» **TASK INSTRUCTIONS**
Across the entries that follow, count the lines with the string "Blue" and reply with that count alone.

Saved entries:
-=-=-=-=-

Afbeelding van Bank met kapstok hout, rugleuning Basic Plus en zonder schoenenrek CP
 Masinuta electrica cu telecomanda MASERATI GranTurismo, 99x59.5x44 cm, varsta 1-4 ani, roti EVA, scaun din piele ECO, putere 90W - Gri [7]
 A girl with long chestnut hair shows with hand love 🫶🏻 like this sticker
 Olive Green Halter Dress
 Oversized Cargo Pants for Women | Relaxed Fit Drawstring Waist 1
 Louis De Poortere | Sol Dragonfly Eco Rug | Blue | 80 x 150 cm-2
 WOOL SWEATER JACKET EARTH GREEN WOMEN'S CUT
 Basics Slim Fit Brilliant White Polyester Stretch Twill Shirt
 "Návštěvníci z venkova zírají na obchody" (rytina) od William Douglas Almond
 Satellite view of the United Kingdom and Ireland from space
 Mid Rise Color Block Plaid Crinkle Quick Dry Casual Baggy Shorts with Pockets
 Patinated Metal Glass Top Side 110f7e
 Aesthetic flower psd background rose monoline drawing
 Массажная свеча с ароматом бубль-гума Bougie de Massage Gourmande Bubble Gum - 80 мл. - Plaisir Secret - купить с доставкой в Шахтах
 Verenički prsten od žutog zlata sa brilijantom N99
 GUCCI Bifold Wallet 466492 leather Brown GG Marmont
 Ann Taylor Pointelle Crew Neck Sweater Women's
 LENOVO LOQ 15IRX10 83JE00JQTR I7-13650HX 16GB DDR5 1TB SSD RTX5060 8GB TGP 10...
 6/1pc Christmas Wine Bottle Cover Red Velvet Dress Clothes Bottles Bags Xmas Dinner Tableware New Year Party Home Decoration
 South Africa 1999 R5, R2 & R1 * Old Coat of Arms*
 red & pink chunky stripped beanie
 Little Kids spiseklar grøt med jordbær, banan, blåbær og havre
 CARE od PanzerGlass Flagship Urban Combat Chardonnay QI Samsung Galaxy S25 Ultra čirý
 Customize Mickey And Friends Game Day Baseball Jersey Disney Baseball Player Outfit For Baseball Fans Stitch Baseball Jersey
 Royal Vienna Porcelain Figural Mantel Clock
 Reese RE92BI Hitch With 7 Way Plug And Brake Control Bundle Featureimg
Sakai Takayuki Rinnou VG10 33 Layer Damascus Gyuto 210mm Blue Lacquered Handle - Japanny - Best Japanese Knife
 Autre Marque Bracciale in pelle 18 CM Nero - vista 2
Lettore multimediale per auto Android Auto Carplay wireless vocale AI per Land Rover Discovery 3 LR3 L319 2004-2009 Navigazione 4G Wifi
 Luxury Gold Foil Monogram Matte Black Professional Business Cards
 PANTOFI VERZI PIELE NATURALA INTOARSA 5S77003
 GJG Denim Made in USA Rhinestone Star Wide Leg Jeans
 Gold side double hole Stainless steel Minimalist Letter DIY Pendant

-=-=-=-=-

» **SOLVED PROBLEM**
2